Mme Carrier utilise le service environ une fois toutes les deux semaines. Elle se dit réticente à recourir au covoiturage, qu’elle juge «moins fiable» et moins « fixe ». « L’autobus, ça génère beaucoup moins d’anxiété pour les gens comme moi. »
Lors d’un reportage récemment dans le bus, Le Devoir a aussi pu constater que beaucoup de jeunes l’utilisaient pour aller visiter de la famille, ainsi qu’un nombre grandissant d’immigrants qui travaillent en Beauce mais n’ont pas de voiture, voire de permis de conduire.
Lors du reportage, l’autobus était rempli environ au tiers, et ce, sur l’un de ses parcours hebdomadaires les plus populaires.
Le gouvernement interpellé
Pourquoi ce changement de cap de la part des préfets?

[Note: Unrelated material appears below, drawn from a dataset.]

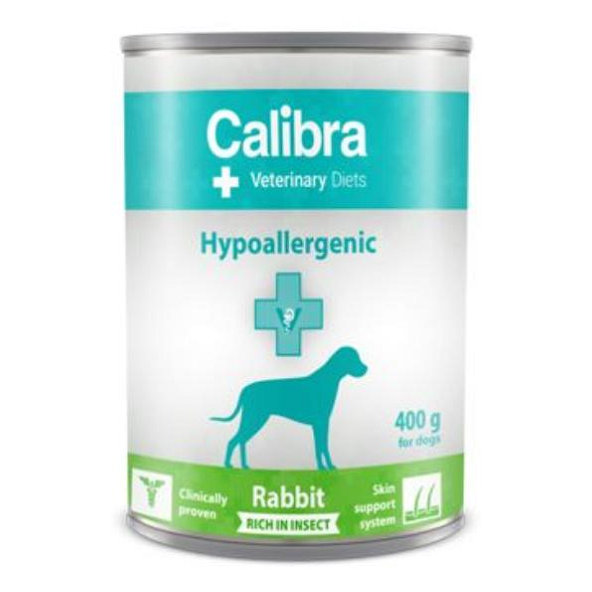 Calibra Vet Diet Dog Hypoallergenic králík&hmyz konzerva 6×400 g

Ces derniers avancent qu’ils n’avaient pas eu suffisamment d’information d’Autobus Breton pour justifier la subvention.
«Les trois MRC ont demandé une reddition de comptes et M. Breton n’avait rien fourni », plaide Gaétan Vachon. Or les documents ont été remis depuis, dit-il. Le préfet de Beauce-Sartigan ajoute qu’il a aussi été très « touché » par la démarche d’Amélie Carrier décrite plus haut.
Mais les deux élus demeurent mal à l’aise avec le fonctionnement actuel du programme de subvention, qui devrait être « modifié et bonifié », selon eux. Les régions, avancent-ils, devraient recevoir des fonds «équitables» avec ceux de la capitale et de la métropole, soulignent-ils.
Interrogé à ce sujet, le nouveau député caquiste de Beauce-Sud, Samuel Poulin, rétorque que « c’est un programme qui fonctionne » et souligne qu’il faut « que le service demeure ».